Commun aux deux fédérations luxembourgeoises d’entrepreneurs (1), l’Institut de formation sectoriel du bâtiment (IFSB) a conçu son siège comme un outil d’entraînement de la profession à la construction durable. « Par rapport au standard des bâtiments tertiaires ou semi-industriels, nous avons presque divisé par quatre les consommations d’énergie et les émissions de gaz carbonique », se réjouit Bruno Renders, directeur de l’Institut. Les performances calculées atteignent 54 kWh/m2/an pour la consommation d’énergie primaire, pour une émission annuelle de 11,70 kg CO2/m2/an.

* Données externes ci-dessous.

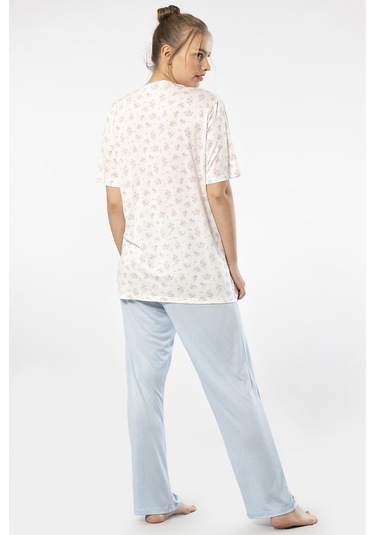 Türen 3369 Kadın Büyük Beden Kısa Kollu Pijama Takım-mavi Mavi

Créé ex-nihilo en 2002, l’IFSB a organisé un concours d’architecture réservé aux jeunes praticiens luxembourgeois. Carol Rodesch, la lauréate, a cherché ici à « éviter les déperditions thermiques par une structure simple et compacte, disposée selon une orientation solaire optimale ». Seul le cube du hall d’accueil, de biais pour mieux mettre en scène sa fonction, rompt avec la structure parallélépipédique de l’ensemble. L’architecte a traduit la volonté environnementale et pédagogique du maître d’ouvrage en privilégiant les matériaux bruts : bois, métal, mais surtout béton noir et gris, préfabriqué ou coulé en place. En s’appuyant sur cette conception, l’IFSB a pris en charge directement la question énergétique. La méthode a consisté à évaluer chaque option en termes de coût, de performance et de temps de retour sur investissement. « Les premiers calculs de notre BET aboutissaient à une consommation totale d’énergie de 84 kWh/m2/an. Nettement mieux que les 207 kWh/m2/an atteints par la moyenne des bâtiments tertiaires au Luxembourg, mais insuffisant au regard de notre souhait de laisser une trace durable », fait valoir Bruno Renders.
Choix multicritères
Conseillé par un BET spécialisé dans la thermique, le siège de l’ISFB est alors divisé en cinq zones obéissant à des logiques distinctes : bureaux et classes, ateliers, auditorium, circulations, locaux techniques. La réflexion sur chacune a conduit à innover : « Dans les salles de cours qui nécessitent un confort thermique immédiat, les radiateurs sur chaudière à biomasse se révèlent mieux adaptés que le chauffage au sol. Ce dernier se justifie en revanche dans les bureaux », explique Julien Bertucci, formateur en construction durable et responsable du suivi des performances énergétiques du bâtiment.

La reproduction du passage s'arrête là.